ISOCPP std-proposals List: Re: [std-proposals] solution proposal for Issue 2524: generate

From: Lénárd Szolnoki <cpp_at_[hidden]>
Date: Mon, 8 Dec 2025 00:00:35 +0000

On 07/12/2025 14:50, Sebastian Wittmeier via Std-Proposals wrote:
> I meant something like
>
> val = generate_canonical();
>
> if (val==0) val=1;
>
> Or would the remaining subnormal numbers violate the lower b bound of the interval as they
> sometimes are rounded to 0?

If I used 32 bit IEEE float and made a uniform distribution where every representable
value was possible on the selected range, then for a uniform distribution on (0, 1] rolls
1 with probability 2^-24 or 2^-25, depending on rounding strategy.

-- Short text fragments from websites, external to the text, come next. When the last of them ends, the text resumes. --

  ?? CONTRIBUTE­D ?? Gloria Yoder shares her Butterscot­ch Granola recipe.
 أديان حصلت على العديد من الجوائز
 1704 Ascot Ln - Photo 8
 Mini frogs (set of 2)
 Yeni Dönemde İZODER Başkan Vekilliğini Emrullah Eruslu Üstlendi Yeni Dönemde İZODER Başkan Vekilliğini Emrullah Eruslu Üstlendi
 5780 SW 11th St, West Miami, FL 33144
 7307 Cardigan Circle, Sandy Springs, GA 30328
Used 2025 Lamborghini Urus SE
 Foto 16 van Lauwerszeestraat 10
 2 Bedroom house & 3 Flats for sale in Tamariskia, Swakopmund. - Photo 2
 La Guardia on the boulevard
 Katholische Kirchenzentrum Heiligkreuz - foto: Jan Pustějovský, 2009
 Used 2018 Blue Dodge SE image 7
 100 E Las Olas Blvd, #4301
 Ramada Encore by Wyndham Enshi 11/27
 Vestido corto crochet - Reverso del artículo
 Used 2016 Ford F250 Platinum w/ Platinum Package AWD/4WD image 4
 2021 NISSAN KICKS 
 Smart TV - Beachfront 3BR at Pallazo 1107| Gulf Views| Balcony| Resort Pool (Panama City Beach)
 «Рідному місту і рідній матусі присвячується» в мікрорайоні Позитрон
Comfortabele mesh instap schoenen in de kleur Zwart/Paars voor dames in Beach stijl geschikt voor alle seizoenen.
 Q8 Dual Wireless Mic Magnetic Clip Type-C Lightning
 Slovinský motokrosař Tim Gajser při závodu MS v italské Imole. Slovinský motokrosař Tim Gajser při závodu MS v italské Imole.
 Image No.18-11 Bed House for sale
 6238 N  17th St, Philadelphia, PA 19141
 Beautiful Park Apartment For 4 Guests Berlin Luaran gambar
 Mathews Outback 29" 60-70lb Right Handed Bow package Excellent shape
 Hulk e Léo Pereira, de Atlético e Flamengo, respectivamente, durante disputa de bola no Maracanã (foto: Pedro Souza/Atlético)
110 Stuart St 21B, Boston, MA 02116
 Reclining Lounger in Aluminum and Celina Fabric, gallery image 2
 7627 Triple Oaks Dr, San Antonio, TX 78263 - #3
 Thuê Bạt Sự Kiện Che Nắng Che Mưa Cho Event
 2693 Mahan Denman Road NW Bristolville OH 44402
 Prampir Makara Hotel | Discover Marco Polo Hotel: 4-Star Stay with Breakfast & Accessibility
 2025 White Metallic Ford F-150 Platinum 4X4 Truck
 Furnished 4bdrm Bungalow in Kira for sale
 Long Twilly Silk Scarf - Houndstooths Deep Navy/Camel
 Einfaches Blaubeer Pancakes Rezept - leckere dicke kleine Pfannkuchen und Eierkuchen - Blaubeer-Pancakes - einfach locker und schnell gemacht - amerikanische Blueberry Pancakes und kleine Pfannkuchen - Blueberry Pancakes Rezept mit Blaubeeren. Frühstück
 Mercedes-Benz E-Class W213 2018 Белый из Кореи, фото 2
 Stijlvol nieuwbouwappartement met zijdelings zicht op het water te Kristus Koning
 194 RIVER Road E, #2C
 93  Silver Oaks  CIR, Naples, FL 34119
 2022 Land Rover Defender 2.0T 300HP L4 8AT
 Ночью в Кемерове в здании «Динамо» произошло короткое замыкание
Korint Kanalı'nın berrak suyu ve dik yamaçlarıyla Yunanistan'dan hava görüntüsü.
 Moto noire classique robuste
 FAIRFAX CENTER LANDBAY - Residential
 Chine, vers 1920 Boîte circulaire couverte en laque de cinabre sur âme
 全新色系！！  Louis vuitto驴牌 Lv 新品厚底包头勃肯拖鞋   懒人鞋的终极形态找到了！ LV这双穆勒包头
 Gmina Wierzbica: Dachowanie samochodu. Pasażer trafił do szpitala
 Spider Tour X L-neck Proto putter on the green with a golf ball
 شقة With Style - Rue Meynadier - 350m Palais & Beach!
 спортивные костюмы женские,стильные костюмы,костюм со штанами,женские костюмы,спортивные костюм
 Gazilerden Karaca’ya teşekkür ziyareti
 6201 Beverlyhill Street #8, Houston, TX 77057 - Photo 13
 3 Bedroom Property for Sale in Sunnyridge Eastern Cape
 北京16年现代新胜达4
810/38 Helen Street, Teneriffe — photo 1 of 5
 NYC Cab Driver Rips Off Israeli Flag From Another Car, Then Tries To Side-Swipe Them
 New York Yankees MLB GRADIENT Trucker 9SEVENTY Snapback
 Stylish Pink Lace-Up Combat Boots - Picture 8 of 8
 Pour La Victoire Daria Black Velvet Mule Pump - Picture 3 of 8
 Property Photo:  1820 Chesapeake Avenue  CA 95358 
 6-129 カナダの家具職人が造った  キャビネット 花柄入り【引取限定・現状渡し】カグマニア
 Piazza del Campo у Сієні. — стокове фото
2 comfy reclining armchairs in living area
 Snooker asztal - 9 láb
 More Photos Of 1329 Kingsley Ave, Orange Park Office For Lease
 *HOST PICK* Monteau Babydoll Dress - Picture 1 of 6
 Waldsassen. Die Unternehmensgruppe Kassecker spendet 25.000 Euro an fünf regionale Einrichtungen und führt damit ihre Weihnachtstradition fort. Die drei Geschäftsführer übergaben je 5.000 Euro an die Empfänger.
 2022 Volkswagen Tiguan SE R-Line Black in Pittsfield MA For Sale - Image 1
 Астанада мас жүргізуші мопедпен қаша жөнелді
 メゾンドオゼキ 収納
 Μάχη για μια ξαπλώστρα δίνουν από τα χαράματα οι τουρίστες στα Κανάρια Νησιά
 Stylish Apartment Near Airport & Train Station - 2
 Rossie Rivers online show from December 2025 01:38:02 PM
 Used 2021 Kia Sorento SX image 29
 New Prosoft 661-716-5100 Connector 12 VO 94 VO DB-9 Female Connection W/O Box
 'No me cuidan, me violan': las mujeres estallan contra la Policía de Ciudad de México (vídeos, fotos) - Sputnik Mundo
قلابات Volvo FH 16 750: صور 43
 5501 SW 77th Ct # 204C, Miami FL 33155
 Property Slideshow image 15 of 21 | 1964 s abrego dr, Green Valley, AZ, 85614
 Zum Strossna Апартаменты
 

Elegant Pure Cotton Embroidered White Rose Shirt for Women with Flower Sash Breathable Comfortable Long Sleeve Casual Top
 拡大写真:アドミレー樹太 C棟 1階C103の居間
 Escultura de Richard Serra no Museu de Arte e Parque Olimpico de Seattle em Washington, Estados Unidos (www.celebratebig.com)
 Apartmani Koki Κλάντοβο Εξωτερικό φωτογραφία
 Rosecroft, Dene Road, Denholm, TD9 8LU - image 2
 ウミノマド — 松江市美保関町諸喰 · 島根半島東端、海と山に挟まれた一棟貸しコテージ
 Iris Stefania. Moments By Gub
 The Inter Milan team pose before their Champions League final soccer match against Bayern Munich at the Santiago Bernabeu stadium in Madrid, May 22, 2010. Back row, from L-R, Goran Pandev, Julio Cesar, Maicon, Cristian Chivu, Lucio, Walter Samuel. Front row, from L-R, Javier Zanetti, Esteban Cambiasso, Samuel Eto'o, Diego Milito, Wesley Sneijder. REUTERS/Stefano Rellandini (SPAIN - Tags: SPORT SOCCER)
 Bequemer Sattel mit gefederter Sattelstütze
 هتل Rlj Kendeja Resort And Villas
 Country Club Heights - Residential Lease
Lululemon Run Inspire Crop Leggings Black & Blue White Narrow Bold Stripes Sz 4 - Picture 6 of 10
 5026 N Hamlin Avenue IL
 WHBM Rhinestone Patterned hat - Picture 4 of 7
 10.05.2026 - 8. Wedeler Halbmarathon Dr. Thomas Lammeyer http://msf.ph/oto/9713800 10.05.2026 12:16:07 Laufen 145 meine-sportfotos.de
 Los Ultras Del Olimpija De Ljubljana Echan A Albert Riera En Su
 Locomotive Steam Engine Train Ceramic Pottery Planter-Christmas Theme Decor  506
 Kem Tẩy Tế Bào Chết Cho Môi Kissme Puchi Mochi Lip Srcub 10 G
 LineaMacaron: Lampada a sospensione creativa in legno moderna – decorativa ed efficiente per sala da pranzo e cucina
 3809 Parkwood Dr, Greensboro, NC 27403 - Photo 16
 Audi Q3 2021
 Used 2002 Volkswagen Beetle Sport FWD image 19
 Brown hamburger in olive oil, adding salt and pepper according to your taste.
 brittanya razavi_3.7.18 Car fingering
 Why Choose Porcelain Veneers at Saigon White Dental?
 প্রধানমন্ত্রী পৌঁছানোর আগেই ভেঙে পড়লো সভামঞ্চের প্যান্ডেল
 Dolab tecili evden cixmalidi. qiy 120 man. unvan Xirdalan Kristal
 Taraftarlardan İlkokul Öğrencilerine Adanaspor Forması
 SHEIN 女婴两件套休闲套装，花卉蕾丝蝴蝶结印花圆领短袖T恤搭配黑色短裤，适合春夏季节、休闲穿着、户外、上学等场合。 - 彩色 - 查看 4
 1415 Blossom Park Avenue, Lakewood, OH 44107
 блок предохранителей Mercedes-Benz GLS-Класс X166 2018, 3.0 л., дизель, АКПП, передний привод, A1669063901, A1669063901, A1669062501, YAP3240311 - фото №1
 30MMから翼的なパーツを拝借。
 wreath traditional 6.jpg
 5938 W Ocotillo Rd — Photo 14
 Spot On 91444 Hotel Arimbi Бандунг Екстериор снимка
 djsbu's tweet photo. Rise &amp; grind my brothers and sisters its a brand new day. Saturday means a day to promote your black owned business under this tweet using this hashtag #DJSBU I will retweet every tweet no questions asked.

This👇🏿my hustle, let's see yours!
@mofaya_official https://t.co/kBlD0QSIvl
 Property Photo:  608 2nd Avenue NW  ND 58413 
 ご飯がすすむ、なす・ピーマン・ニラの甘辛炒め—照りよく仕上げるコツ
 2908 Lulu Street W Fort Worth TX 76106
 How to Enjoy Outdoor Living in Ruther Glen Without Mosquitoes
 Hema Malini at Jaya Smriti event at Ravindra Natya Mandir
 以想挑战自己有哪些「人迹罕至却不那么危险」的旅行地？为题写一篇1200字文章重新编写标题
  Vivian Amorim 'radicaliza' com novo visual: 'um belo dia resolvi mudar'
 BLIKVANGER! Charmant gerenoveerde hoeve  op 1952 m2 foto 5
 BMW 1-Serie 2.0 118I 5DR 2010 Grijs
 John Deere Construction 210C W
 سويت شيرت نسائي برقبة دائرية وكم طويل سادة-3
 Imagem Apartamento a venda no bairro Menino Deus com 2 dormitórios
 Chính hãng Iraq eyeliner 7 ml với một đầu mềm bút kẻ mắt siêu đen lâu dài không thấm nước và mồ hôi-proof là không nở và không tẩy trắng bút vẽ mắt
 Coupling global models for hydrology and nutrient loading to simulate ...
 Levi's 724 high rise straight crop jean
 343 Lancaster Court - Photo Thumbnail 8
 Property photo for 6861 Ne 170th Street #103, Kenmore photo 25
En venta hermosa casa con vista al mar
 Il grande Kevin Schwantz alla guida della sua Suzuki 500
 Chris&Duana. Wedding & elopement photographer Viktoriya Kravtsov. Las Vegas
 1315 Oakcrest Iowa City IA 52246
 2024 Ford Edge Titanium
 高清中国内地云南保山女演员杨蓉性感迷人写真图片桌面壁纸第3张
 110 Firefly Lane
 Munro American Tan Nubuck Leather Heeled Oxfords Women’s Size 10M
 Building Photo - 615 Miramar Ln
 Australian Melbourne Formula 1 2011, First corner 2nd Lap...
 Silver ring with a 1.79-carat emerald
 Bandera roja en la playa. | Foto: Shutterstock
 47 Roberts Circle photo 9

For a uniform distribution on [0, 1), 0 is rolled with probability 2^-149 or 2^-150,
depending on rounding strategy and assuming that subnormals are also rolled with uniform
probabilities and no representable value is skipped. The set of representable values are
much more dense near 0 than near 1, hence the different probabilities.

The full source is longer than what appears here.